**Action item:**
Below is some data. Retype exactly the lines starting at the one with "Mensen op de" and ending at the one with "2 Bedroom Condo".

**Record excerpts:**
- - -
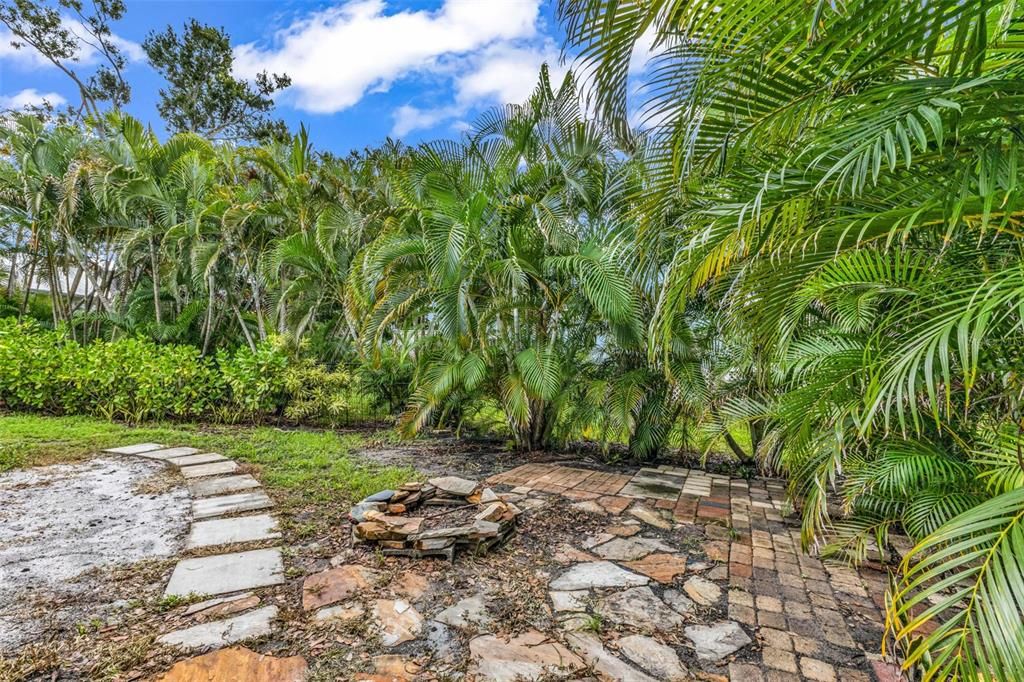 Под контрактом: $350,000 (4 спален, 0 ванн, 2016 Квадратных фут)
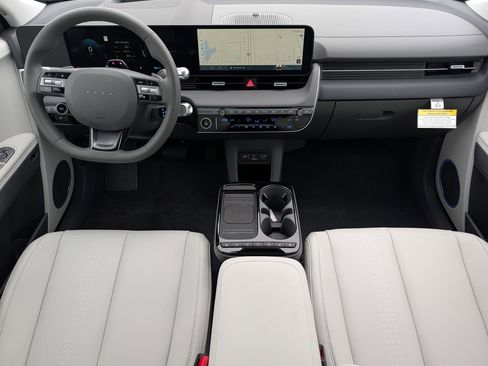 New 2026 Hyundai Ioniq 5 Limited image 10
- - -
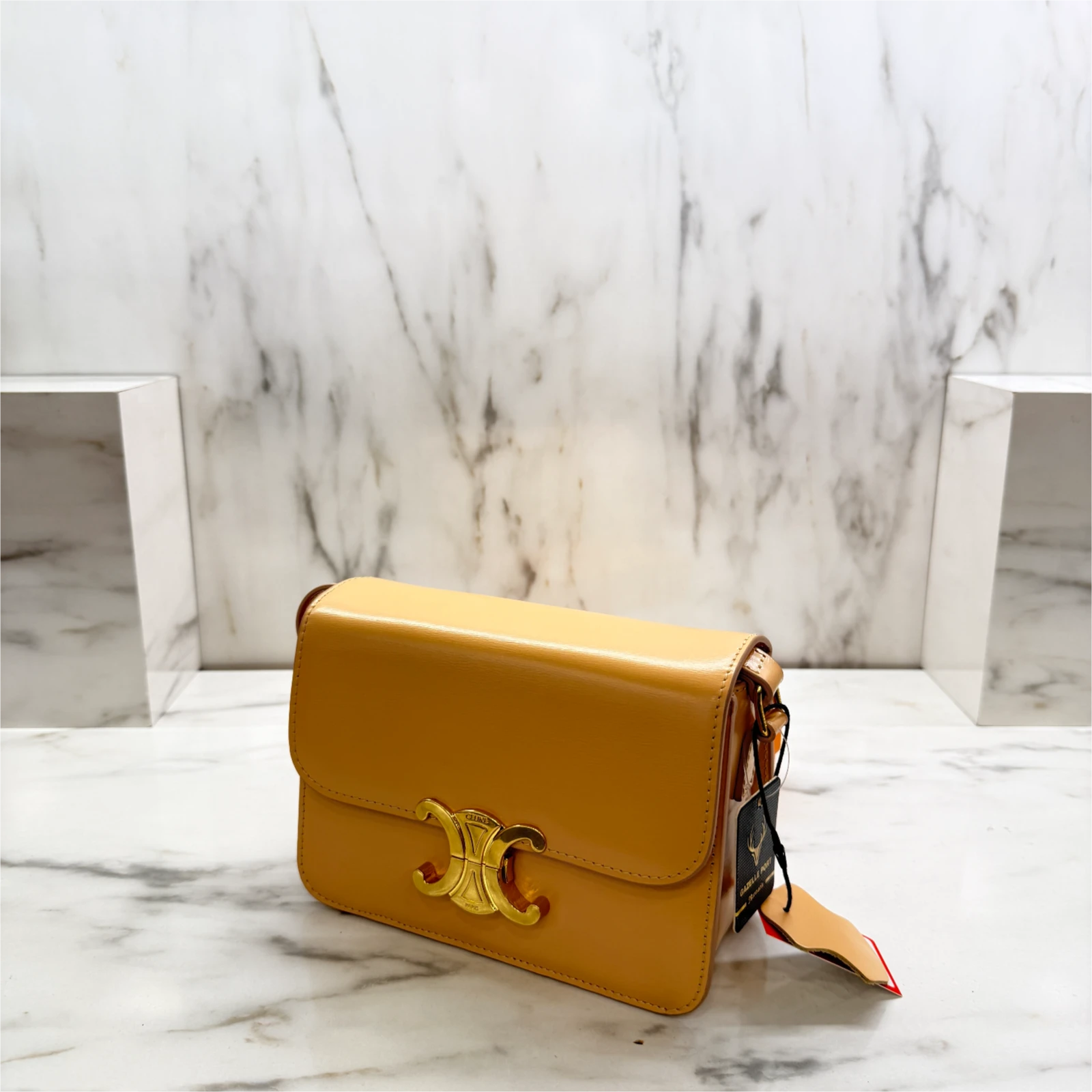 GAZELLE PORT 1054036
- - -
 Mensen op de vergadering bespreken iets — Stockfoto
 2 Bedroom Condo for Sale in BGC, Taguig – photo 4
- - -
**Output of the exercise:**
 Mensen op de vergadering bespreken iets — Stockfoto
 2 Bedroom Condo for Sale in BGC, Taguig – photo 4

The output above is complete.